Back in 2021, during the Tokyo Olympics, athlete Sha’Carri Richardson made headlines after testing positive for marijuana just days after dominating the U.S. Olympic trials.
At only 21, Richardson had qualified for Tokyo’s 100-meter individual race, becoming the youngest woman to win the event since Alice Brown in the 1980s.
But after the positive test, Richardson received a one-month suspension, ultimately costing her a spot on the U.S. Olympic team.
Despite competing in Oregon, where marijuana is legal, and receiving widespread support from fans and fellow athletes, Richardson faced the harsh reality of Olympic rules.
She openly acknowledged using cannabis as a way to cope with the recent death of her mother, yet the ban stood firm, keeping her from the Summer Games.
While we didn’t see Sha’Carri light up the track in Tokyo, several other top athletes have defied stigma, embraced cannabis, and gone on to win gold.
Here’s a look at five athletes who prove that talent and cannabis can go hand in hand.
Photo by Simon Bruty / Sports Illustrated
Yeah, you know this guy loves to treat his aches and pains with cannabis.
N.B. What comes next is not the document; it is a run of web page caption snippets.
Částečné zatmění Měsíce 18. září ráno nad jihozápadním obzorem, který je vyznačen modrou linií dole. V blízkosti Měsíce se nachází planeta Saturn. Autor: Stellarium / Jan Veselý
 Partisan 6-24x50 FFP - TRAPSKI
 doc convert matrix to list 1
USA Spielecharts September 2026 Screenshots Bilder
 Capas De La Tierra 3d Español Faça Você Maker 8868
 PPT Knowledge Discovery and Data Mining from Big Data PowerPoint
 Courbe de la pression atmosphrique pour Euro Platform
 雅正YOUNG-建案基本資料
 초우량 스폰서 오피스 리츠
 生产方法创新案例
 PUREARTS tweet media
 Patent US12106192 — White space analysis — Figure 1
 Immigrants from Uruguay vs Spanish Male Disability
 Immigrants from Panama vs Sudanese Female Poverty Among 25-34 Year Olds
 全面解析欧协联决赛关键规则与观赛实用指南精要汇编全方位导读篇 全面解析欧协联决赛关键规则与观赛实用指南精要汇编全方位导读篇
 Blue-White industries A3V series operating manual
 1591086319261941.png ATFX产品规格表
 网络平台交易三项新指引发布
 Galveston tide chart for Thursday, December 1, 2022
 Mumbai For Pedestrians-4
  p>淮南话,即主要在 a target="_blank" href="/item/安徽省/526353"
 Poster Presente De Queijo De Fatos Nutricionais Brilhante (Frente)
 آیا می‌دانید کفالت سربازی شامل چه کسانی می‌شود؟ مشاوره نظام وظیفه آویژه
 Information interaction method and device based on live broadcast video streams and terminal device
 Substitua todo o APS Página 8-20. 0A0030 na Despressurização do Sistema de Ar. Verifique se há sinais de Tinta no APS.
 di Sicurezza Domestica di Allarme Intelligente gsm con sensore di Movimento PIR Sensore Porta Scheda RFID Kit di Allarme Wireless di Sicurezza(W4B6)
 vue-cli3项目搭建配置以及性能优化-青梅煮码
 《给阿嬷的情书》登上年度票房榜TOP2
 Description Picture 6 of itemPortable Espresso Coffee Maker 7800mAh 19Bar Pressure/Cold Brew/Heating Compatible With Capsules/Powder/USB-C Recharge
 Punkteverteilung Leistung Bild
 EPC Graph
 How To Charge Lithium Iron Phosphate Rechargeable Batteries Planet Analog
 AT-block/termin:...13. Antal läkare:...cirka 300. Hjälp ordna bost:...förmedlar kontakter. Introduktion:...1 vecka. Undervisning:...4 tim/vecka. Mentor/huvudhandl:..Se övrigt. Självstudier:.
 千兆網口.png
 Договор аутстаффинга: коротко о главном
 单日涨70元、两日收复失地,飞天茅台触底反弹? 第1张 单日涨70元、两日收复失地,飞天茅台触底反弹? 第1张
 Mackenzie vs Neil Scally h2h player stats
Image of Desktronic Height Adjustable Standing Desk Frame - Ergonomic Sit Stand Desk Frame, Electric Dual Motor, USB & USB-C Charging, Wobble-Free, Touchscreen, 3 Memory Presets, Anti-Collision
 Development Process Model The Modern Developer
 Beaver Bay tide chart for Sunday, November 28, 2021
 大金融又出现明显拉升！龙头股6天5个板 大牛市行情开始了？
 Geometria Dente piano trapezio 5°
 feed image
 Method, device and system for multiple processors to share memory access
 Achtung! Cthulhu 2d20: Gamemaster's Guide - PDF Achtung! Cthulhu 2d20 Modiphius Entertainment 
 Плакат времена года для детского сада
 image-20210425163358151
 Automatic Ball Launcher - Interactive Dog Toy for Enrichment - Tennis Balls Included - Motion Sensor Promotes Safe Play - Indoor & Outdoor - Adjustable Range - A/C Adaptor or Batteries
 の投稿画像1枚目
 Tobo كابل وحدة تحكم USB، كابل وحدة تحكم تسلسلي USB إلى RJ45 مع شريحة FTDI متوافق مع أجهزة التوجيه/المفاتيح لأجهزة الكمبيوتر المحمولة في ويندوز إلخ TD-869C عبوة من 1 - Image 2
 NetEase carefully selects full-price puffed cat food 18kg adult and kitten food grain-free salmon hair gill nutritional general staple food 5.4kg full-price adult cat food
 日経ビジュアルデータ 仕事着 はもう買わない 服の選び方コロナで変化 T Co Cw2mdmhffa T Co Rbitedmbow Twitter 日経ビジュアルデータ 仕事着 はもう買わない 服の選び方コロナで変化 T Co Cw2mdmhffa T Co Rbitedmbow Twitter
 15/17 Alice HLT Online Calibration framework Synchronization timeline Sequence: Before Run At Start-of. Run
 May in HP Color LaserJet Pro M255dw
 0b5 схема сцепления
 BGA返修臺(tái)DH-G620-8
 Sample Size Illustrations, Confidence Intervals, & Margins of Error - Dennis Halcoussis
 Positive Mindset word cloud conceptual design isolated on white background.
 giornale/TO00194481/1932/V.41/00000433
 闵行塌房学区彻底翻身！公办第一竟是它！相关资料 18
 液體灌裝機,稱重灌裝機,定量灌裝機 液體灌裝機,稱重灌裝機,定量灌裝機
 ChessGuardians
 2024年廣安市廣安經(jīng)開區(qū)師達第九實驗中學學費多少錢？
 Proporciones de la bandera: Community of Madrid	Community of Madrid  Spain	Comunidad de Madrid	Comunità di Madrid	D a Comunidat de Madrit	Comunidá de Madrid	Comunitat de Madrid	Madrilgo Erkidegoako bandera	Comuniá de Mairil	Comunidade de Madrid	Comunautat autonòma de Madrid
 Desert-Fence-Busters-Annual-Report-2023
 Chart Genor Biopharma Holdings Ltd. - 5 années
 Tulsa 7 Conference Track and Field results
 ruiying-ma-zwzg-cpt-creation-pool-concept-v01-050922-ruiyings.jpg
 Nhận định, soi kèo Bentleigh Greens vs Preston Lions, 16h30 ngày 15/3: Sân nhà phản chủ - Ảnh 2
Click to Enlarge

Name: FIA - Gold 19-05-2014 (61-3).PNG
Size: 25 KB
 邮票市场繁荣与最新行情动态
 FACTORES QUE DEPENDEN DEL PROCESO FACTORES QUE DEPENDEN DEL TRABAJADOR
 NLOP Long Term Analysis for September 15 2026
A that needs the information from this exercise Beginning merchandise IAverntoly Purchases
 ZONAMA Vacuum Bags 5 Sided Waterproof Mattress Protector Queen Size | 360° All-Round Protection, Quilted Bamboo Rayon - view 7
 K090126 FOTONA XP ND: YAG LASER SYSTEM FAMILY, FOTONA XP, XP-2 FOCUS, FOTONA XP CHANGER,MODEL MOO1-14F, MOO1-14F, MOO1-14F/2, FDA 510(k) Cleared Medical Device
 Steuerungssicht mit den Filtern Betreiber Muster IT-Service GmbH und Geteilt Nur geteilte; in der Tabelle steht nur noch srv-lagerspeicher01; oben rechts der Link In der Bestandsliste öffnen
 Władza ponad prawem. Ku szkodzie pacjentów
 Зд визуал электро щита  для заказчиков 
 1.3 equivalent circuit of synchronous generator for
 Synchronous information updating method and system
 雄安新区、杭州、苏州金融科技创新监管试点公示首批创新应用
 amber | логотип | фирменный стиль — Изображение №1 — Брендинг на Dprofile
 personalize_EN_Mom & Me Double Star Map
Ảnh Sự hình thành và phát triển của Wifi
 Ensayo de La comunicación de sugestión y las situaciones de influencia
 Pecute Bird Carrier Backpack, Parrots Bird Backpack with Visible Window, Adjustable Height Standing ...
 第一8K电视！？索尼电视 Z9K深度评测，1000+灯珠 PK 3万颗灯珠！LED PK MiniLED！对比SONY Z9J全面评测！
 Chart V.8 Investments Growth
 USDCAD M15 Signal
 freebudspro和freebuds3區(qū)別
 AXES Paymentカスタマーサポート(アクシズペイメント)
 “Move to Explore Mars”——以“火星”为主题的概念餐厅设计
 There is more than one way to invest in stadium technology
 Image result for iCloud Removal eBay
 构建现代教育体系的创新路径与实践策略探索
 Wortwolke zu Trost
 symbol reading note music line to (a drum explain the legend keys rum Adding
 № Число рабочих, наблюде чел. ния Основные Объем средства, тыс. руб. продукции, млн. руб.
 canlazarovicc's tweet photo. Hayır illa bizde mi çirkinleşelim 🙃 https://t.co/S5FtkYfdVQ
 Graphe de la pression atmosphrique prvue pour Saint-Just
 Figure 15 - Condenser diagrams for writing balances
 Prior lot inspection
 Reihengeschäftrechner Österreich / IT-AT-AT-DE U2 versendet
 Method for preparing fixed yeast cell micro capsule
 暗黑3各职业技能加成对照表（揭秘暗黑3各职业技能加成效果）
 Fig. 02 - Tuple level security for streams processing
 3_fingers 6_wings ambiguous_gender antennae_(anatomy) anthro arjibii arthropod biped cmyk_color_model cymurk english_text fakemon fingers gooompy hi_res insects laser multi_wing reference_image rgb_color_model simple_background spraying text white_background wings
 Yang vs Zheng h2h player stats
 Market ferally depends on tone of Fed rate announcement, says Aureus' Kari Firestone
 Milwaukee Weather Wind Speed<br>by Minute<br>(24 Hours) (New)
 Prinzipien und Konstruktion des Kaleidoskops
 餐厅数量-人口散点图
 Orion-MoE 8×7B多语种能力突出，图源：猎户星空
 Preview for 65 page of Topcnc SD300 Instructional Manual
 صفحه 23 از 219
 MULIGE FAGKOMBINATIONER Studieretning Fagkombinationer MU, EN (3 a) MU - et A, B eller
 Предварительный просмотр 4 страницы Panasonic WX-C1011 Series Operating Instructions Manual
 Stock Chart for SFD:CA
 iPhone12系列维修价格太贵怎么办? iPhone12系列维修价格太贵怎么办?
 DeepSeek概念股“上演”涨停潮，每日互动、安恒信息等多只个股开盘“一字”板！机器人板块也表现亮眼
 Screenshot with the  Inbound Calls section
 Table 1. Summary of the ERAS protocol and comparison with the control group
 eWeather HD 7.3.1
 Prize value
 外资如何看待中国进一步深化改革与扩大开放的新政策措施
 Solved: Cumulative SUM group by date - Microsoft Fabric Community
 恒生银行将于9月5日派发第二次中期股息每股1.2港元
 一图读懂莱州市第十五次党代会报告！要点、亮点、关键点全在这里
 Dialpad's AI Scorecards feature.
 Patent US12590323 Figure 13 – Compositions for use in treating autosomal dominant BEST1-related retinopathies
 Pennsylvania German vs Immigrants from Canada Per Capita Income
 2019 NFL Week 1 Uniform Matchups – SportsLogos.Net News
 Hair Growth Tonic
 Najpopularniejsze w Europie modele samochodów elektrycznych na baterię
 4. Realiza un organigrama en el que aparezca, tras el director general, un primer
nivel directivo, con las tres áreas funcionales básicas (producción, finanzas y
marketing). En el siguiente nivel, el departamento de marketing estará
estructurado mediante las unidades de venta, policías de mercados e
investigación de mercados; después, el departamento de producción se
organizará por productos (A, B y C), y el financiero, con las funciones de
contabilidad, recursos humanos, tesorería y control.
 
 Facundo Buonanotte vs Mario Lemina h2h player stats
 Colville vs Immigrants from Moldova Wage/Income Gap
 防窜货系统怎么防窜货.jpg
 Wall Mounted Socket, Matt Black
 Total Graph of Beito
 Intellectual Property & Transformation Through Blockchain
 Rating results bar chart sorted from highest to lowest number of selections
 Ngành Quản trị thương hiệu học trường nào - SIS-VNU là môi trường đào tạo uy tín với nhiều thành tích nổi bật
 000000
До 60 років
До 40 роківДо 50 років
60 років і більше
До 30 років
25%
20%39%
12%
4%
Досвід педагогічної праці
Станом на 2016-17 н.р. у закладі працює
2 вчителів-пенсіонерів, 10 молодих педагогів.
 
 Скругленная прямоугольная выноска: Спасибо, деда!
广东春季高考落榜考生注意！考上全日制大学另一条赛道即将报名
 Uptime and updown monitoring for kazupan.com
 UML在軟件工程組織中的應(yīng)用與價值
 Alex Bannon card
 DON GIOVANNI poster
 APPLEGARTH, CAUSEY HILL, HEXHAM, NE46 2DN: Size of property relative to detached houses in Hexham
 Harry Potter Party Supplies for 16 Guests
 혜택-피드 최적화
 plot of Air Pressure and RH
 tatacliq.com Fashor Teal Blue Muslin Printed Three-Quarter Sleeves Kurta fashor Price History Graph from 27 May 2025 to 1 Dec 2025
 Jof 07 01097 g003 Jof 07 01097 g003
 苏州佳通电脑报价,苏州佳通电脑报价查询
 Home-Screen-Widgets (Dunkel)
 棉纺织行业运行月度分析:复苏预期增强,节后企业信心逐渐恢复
Phelps was caught on film smoking from a bong in 2009, just 3 months after his historic 8 gold medal wins in Beijing. Phelps was suspended for several months as a result of the scandal.
Since then, Phelps has become the USA all-time leading medalist.
Photo by Celebs Journey / Flickr
Does Usain Bolt smoke weed?
Well, Bolt admitted that as a youngster growing up in Jamaica, he occasionally used cannabis. He hasn’t had any run-ins with the International Olympic Committee regarding cannabis use while competing, and if he does dabble in the green, he keeps it pretty low-key.
Back in a 2021 interview, Bolt confidently said he could have easily won the 100m gold if he did attend the Tokyo Olympics. “I really missed it. I was like, I wish I was there,” the 8-time gold medal olympian said.
There’s certainly an air of confidence that surrounds Olympians like Phelps and Bolt. Is it “canna-confidence”?
Ross Rebagliati does not have the name recognition that Phelps and Bolt do, but his role in cannabis policy reform in the Olympics is huge. In 1998, Rebagliati was awarded a gold medal for snowboarding, but not before testing positive for THC.
Fortunately, the International Olympic Committee hadn’t placed cannabis on the banned substances list yet, so they could not take his medal away. Shortly after Rebagliati’s run-in with the Olympic weed haters, the Committee voted to add THC to the banned substances list.
It remains on the list, but in 2013 the Committee voted to increase the acceptable nanograms to 150 in an effort to differentiate between active and passive users.
Nicholas Delpopolo is an American Judo competitor. At the 2012 London Games, Delpopolo tested positive for THC and was subsequently banned from the games. He claimed that he was unknowingly given an edible that was laced with THC.
Whether or not he ate the edible on purpose is debatable. I would have to assume that an Olympic level fighter knows his body. He is not going to risk an ass whipping because of being too high.
Jamie Anderson is the lone female on this gold medal top 5. Anderson won Olympic Gold in the 2014 Sochi Games for Women’s Slopestyle. Winter sports stars are often looked at with a suspicious eye when it comes to marijuana use.
Though Anderson did not fail a drug test, nor was she punished for cannabis use, she did lead reporters to believe that she is a cannabis user.